Asbury students Cali Thomas '14, Kara Wiltrout '12 and Carl Durcholz '14 wrote an academic paper to describe their solution to this year's Math Modeling Competition problem.
Asbury students Cali Thomas '14, Kara Wiltrout '12 and Carl Durcholz '14 wrote an academic paper to describe their solution to this year's Math Modeling Competition problem.

The annual COMAP Math Modeling Contest is a weekend-long exercise in creative thinking and project management through the real-world application of mathematical concepts. Each team chooses a scenario with a problem that can be addressed with math and then spends about four days developing a solution, testing their model and writing a paper to describe their process. More than 2,000 teams from around the world compete each year.

Junior George Lytle joined the fun for the third time this year, joining teammates Aaron Hill and Kaity Bradley in selecting a problem that involved a suspected conspiracy in a large office complex.

“This weekend went more smoothly than any other modeling weekend,” Lytle said. “We settled on a problem Thursday night and spent Friday afternoon reading up on graph theory. By the end of the night, we had developed our own model and replaced it with a more sophisticated one, which is rare for math modeling. The rest of the weekend was spent verifying the properties of our model, running the simulation, and writing the paper.

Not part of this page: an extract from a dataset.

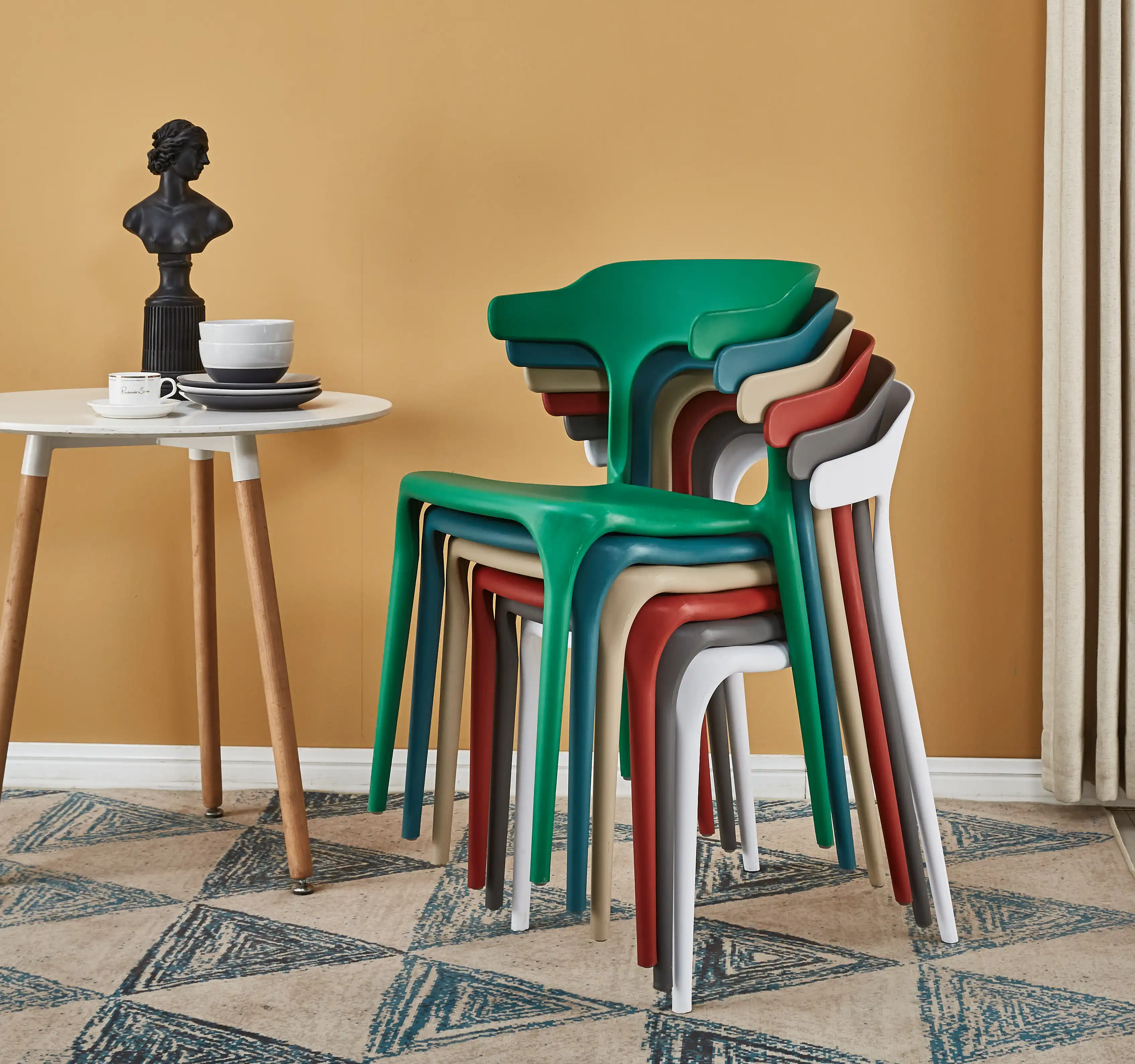 Wholesale Metal Tube Adult Pp Plastic Seat Armless Dining Chairs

“We were well stocked with food,” he continued, “and as for funny moments, we keep a running quote board throughout the weekend to record the hilarity.”

Though math modeling weekends feature enough food, socializing and deadline-driven adrenaline to draw multiple teams each year, the educational benefits extend beyond even the new math skills students learn in the process of addressing their chosen problems.

“In the classroom, much of what we do are routine problems with answers in the back of the book,” Lytle said. “Math modeling allows us to try our hand at real-world math as a profession, which is often very messy with no specifically correct answer.”

One of the math problems students could chose involved estimating the weight of a tree's leaves. Both real leaves and models were fuel for thought.
One of the math problems students could chose involved estimating the weight of a tree's leaves. Both real leaves and models were fuel for thought.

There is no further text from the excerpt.